*** Information provided ***

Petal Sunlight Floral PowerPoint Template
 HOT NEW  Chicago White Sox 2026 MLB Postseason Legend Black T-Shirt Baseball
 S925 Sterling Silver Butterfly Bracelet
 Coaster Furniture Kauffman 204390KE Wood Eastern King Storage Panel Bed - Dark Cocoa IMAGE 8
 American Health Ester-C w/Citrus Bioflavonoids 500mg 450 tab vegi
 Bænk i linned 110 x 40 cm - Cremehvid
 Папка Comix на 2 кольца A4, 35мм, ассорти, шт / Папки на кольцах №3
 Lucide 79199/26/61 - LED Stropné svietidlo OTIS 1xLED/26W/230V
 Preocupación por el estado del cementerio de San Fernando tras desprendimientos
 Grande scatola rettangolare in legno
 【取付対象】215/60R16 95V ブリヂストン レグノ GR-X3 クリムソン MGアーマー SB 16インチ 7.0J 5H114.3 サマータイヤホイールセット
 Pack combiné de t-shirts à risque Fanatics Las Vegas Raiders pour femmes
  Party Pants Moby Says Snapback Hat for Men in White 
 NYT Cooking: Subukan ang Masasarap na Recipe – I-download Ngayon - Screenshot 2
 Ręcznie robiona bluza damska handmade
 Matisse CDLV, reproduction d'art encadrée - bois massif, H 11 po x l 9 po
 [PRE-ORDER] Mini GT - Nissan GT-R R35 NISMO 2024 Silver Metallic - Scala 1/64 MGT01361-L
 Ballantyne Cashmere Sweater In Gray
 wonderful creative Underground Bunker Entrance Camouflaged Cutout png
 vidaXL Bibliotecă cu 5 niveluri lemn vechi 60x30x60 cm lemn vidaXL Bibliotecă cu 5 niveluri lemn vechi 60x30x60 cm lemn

*** End of Information provided ***

* [Problem]:
Repeat word for word every line from the start of the entries to the line holding "Coaster Furniture Kauffman", inclusive, and nothing else.

* [Answer below]:
Petal Sunlight Floral PowerPoint Template
 HOT NEW  Chicago White Sox 2026 MLB Postseason Legend Black T-Shirt Baseball
 S925 Sterling Silver Butterfly Bracelet
 Coaster Furniture Kauffman 204390KE Wood Eastern King Storage Panel Bed - Dark Cocoa IMAGE 8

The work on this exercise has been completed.